Um ein besonders hohes Maß an Sicherheit zu erzielen, sollten Unternehmen bei der Netzwerk-Infrastruktur – ob im eigenen LAN/WAN oder der Verbindung zum UCaaS-Provider – eine gesicherte End-to-End-Verschlüsselung unter Nutzung von SRTP (Secure Real-time Transport Protocol), IPsec und MPLS (Multiprotocol Label Switching) installieren. Bei MPLS geht es unter anderem um die Quality of Services (QoS).

Viele der Aspekte, die für Sicherheit im WAN und LAN sorgen, gelten ebenfalls für die Endgeräte, seien es IP-Telefone, Soft-Clients auf Desktops oder Notebooks, aber auch Smartphones und andere IP-fähige Mobiltelefone.

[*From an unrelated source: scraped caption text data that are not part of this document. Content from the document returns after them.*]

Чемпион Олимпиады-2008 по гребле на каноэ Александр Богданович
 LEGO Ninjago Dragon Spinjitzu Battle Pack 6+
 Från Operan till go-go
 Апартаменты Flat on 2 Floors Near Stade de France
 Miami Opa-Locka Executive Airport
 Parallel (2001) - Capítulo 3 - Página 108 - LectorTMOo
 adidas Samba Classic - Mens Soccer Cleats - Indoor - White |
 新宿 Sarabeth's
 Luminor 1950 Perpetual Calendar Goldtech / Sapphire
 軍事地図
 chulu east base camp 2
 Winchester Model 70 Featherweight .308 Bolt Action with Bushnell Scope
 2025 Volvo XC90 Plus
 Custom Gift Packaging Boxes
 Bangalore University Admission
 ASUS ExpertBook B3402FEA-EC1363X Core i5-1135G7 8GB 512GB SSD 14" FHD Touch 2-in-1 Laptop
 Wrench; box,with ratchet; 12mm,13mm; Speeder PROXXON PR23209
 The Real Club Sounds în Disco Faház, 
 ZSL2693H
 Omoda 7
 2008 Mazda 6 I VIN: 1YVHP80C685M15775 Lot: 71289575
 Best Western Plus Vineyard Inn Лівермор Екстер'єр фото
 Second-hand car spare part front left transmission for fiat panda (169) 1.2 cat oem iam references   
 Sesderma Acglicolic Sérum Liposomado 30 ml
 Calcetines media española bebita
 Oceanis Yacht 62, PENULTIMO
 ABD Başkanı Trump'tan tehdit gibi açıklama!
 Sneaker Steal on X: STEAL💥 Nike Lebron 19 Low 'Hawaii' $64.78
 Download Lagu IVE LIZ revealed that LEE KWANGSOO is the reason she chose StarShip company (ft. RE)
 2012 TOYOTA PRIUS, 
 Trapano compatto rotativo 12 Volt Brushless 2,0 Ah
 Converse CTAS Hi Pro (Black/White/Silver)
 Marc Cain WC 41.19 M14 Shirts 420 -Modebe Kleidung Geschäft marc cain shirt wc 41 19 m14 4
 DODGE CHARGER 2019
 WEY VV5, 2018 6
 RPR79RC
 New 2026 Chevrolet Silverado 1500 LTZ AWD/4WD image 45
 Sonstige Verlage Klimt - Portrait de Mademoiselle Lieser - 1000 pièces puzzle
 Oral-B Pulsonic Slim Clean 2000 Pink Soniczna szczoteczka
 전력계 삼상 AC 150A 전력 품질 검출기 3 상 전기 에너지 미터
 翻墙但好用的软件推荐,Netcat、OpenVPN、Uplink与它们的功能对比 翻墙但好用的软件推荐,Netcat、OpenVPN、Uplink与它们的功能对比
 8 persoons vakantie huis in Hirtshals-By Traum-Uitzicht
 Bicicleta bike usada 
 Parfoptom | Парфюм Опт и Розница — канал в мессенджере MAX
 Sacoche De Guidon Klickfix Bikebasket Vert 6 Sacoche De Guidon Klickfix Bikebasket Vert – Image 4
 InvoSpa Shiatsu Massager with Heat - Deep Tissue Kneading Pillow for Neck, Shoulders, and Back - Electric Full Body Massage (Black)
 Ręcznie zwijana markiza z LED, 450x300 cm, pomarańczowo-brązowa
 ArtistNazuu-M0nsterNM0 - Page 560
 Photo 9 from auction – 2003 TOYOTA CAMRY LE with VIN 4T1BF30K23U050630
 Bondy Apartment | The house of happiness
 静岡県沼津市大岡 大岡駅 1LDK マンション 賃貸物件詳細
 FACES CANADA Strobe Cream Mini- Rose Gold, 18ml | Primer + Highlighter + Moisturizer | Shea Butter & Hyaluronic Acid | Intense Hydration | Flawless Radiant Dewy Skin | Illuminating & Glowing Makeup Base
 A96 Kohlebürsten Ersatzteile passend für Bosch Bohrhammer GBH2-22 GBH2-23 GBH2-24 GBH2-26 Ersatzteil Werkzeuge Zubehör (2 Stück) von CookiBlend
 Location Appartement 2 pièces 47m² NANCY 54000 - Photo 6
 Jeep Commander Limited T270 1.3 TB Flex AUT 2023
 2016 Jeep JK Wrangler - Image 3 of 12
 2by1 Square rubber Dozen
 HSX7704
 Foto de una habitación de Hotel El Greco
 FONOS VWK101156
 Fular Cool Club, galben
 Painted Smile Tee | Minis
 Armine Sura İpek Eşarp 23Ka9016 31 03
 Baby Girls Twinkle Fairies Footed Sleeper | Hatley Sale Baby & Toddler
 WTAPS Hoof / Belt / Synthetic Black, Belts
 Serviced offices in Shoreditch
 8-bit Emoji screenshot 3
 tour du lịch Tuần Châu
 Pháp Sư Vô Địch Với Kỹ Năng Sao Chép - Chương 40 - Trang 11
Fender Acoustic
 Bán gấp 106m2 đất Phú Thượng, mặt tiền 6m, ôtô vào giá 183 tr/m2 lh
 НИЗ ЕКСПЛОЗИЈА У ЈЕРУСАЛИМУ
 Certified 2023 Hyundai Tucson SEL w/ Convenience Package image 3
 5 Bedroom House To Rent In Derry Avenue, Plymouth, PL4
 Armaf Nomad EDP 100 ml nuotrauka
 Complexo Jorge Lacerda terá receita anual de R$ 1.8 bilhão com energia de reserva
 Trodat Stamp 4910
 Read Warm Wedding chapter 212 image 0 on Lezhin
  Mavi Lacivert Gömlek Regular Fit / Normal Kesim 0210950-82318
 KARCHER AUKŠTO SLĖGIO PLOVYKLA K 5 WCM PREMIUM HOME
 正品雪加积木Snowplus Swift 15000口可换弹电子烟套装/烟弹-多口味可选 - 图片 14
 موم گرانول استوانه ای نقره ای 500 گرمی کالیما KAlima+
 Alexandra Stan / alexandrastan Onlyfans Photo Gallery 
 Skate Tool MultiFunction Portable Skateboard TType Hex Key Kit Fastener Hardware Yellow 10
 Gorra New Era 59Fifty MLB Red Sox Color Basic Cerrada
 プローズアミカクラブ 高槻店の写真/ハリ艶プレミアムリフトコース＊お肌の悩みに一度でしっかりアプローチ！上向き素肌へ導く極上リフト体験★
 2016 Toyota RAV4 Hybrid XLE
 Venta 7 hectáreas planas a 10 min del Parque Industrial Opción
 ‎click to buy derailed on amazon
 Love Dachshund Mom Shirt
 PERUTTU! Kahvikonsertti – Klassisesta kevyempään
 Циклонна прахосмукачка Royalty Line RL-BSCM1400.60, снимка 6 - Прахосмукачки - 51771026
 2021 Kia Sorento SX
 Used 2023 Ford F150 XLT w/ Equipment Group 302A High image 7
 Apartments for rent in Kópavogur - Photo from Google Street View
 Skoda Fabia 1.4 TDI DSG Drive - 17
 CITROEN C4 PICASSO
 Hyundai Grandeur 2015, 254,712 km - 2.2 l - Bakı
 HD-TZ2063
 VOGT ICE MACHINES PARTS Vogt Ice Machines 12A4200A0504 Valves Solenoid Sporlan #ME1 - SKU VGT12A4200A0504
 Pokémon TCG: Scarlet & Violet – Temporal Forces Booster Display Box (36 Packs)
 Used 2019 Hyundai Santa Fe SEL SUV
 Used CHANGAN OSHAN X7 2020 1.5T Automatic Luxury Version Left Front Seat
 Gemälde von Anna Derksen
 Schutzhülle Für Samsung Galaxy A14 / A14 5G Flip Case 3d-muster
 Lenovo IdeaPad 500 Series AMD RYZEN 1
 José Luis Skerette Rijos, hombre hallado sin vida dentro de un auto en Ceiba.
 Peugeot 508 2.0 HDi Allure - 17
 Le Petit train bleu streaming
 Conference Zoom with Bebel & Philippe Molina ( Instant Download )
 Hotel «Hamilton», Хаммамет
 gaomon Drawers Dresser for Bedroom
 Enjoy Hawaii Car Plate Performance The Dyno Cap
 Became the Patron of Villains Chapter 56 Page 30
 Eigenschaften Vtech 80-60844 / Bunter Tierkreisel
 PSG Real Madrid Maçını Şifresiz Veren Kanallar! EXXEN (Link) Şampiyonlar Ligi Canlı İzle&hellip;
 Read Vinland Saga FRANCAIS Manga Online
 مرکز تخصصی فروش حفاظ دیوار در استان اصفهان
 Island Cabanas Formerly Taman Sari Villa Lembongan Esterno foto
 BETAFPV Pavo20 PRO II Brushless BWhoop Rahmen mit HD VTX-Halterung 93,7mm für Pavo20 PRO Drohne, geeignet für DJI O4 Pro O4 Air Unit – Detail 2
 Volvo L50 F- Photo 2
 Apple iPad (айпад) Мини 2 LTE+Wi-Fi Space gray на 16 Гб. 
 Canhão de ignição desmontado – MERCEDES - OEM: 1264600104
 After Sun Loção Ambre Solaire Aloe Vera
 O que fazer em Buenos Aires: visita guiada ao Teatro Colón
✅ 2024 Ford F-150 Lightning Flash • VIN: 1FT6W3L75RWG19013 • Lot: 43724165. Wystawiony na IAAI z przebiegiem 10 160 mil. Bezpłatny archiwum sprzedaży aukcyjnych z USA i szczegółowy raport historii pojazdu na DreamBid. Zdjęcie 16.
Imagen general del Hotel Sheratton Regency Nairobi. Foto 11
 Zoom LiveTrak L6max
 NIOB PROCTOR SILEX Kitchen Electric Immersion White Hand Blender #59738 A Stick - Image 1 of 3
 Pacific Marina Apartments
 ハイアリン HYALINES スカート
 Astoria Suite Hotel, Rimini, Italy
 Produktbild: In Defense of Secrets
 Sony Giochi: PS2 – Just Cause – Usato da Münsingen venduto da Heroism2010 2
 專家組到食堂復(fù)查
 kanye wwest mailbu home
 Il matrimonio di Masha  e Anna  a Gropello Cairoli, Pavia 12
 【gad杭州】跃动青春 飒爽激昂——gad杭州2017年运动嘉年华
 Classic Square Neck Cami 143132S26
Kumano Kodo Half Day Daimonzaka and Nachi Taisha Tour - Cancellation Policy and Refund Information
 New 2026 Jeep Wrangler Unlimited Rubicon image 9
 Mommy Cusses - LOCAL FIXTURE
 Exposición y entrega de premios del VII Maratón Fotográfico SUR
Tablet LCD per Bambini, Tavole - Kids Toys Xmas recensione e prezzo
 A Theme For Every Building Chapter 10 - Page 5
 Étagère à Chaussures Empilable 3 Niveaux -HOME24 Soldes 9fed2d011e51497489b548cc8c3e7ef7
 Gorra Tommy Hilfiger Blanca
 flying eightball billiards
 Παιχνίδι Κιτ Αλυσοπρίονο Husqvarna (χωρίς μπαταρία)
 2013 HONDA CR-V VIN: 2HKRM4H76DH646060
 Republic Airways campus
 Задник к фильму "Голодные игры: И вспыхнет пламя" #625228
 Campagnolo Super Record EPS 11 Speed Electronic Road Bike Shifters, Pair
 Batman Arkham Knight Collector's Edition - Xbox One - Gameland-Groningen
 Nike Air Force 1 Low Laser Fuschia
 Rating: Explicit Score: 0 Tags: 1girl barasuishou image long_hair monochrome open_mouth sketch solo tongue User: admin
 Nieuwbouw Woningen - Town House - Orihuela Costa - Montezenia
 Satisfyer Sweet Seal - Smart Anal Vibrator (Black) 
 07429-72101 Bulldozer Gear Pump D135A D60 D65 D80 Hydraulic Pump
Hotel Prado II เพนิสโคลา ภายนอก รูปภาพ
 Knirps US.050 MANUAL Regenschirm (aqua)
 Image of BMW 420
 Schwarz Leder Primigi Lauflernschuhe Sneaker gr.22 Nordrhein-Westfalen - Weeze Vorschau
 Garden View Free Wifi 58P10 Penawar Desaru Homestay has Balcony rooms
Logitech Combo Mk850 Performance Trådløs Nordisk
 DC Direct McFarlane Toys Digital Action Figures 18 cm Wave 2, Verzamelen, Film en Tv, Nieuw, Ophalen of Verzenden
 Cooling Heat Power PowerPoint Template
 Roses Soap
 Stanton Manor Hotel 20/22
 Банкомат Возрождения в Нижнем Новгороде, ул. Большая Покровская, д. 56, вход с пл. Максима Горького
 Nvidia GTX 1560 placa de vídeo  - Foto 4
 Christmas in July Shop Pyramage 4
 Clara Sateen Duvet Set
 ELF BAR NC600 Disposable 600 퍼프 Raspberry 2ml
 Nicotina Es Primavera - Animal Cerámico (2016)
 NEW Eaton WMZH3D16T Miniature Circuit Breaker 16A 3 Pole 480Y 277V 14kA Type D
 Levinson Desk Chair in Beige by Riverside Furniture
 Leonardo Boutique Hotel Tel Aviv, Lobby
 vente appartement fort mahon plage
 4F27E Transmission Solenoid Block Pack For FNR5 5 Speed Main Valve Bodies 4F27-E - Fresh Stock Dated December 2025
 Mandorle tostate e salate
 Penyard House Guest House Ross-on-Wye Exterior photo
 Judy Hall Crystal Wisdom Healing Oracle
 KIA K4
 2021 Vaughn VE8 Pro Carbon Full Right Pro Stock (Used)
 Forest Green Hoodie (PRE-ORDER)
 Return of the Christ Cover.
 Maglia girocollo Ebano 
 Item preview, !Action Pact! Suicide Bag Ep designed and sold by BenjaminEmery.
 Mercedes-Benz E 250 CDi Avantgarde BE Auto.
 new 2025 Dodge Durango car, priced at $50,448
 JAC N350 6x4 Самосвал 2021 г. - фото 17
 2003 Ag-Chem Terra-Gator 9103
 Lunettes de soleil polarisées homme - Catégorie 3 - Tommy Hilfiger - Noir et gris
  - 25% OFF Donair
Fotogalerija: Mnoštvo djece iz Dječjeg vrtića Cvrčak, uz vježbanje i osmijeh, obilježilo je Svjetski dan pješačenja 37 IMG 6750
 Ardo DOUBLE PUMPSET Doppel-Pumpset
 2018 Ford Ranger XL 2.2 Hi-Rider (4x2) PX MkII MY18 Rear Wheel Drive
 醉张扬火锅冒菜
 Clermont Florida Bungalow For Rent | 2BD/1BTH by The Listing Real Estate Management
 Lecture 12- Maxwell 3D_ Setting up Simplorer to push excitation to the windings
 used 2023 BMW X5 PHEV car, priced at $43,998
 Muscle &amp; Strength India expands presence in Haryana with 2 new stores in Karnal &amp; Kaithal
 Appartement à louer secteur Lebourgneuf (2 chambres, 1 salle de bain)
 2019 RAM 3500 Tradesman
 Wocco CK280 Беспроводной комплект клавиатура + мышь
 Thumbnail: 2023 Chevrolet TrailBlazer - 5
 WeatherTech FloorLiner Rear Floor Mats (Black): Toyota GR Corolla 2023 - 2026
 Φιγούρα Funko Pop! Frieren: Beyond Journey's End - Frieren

Auch hier zählen Funktionen wie Viren-Scanner, eine Personal Firewall, die Authentifizierung, die Datenverschlüsselung auf den Devices und die verschlüsselte Übertragung der Informationen zu den unabdingbaren Bausteinen der ITK-Security im Unternehmen.

Allerdings ist es mit Technologie alleine nicht getan. Denn die besten Security-Tools nutzen nichts, wenn Mitarbeiter die grundlegenden Sicherheitsvorschriften missachten. Zu den wichtigsten Maßnahmen zählt neben der Verwendung eines in bestimmten Intervallen zu ändernden Passworts die gründliche Schulung der Benutzer sowie eine regelmäßige Bewertung und Anpassung der Sicherheitsvorkehrungen. Beim Einsatz von Unified Communications as a Service kommt es darauf an, dass ein durchgängiges Security-Konzept definiert und umgesetzt wird, das vom Rechenzentrum des Service-Providers bis zu mobilen Endgeräten der Mitarbeiter reicht.